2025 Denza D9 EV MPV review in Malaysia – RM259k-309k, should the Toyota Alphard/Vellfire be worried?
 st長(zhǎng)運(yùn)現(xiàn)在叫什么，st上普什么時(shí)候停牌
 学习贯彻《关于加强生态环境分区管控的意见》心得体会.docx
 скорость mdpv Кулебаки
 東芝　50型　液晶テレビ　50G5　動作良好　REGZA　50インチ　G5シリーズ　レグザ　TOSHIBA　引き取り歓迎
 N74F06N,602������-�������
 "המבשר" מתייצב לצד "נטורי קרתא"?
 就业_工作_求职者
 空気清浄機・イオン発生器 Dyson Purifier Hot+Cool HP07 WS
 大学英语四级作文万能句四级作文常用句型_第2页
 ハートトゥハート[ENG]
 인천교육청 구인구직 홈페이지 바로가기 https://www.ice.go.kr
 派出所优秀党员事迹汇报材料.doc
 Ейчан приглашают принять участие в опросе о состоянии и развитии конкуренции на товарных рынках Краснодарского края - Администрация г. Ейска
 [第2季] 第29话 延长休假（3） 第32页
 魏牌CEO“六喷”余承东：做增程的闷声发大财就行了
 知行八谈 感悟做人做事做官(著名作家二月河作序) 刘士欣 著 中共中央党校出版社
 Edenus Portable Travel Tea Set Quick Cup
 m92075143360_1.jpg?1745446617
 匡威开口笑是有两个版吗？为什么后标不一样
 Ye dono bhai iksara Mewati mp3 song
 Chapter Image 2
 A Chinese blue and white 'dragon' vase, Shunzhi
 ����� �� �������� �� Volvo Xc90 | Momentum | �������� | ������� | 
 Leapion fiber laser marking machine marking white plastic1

□ □ □

**What the task requires**
Only the lines from the one containing "[第2季] 第29话 延长休假（3） 第32页" through the end of the entries above should be written out, exactly and in full.

**Your response**
 [第2季] 第29话 延长休假（3） 第32页
 魏牌CEO“六喷”余承东：做增程的闷声发大财就行了
 知行八谈 感悟做人做事做官(著名作家二月河作序) 刘士欣 著 中共中央党校出版社
 Edenus Portable Travel Tea Set Quick Cup
 m92075143360_1.jpg?1745446617
 匡威开口笑是有两个版吗？为什么后标不一样
 Ye dono bhai iksara Mewati mp3 song
 Chapter Image 2
 A Chinese blue and white 'dragon' vase, Shunzhi
 ����� �� �������� �� Volvo Xc90 | Momentum | �������� | ������� | 
 Leapion fiber laser marking machine marking white plastic1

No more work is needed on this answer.